Respiratory Manifestations in hEDS & HSD: What You Should Know

While most people associate hypermobile Ehlers-Danlos syndrome (hEDS) and hypermobility spectrum disorder (HSD) with joint issues, pain, and fatigue, there’s another area that often goes overlooked: the respiratory system.

Understanding the respiratory concerns that may arise for some individuals with hEDS or HSD can lead to better care and improved quality of life.

How Can hEDS & HSD Affect Breathing?

Because connective tissue plays a structural role throughout the body—including the lungs, airways, and respiratory muscles—weakened or loose tissue can impact how the respiratory system functions.

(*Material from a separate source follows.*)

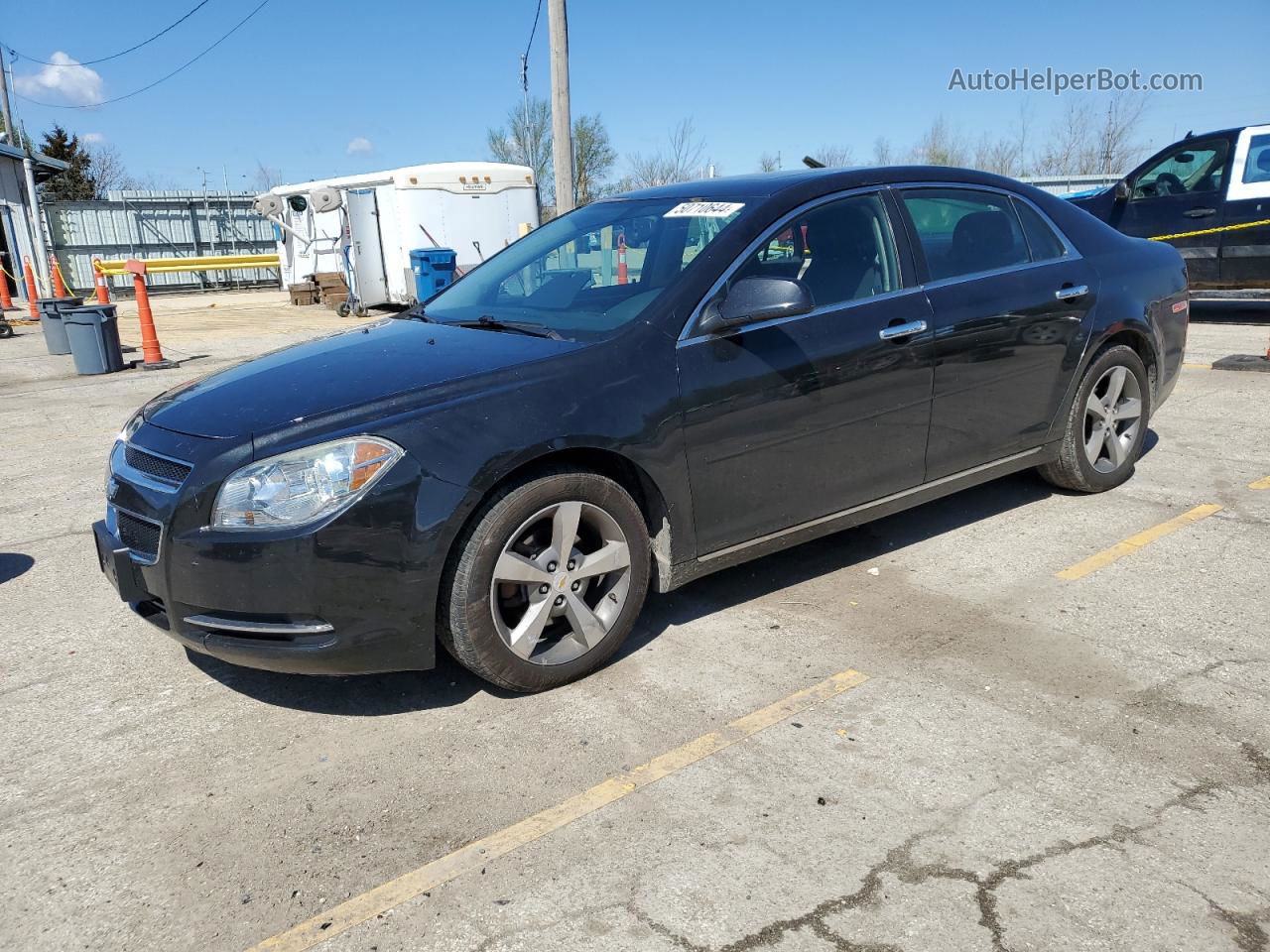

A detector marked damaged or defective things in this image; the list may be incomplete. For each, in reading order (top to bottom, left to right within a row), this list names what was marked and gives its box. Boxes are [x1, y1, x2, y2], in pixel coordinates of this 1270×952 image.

crack in pavement [629, 746, 1264, 952]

Common Respiratory Symptoms & Complications

People with hEDS or HSD may experience:

  • Shortness of breath, even with mild exertion

  • Weakened respiratory muscles, leading to fatigue or inefficient breathing

  • Discomfort with deep breathing or chest tightness

  • Persistent coughing or mucus production

  • Noisy breathing, hoarseness, or weak voice

  • Coughing during sleep or after lying flat

  • Airway collapse due to soft or collapsible trachea or bronchi

  • Lungs holding more air than usual

  • Sudden throat spasms, or vocal cord dysfunction

  • Asthma-like symptoms

  • Chest wall abnormalities, which may restrict movement of the ribcage

  • Narrowed airways, causing resistance to airflow

Because these symptoms can overlap with more common respiratory conditions such as asthma, they are frequently overlooked—leading to delays in diagnosis and treatment.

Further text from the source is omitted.